━━ DATA SECTION ━━

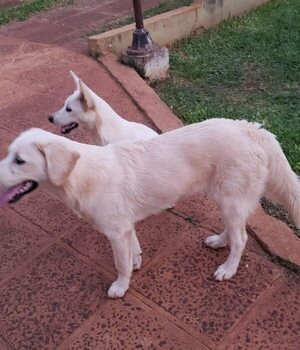 Mordelón y Candy   - Encontrá a tu mascota - ABC Color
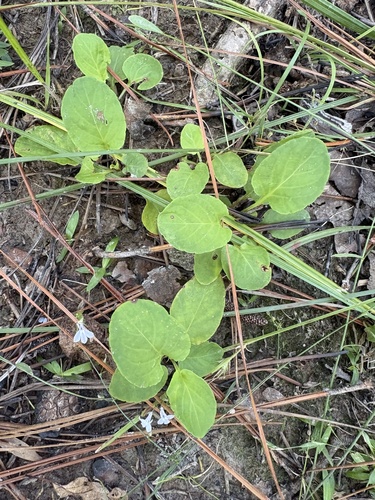 Viola primulifolia, photograph 3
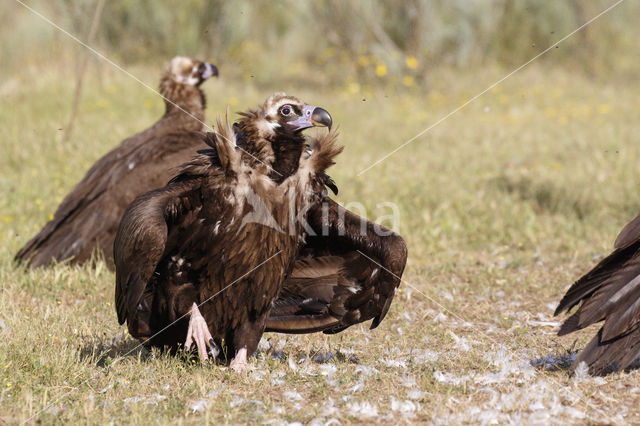 Cinereous Vulture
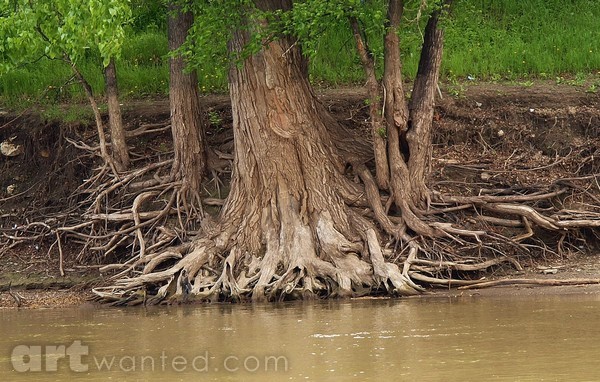 DOWN BY THE RIVER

━━━

# [TASK TO CARRY OUT]
The output should be the material above, copied exactly, without its pictures.

# [ANSWER]
 Mordelón y Candy   - Encontrá a tu mascota - ABC Color
 Viola primulifolia, photograph 3
 Cinereous Vulture
 DOWN BY THE RIVER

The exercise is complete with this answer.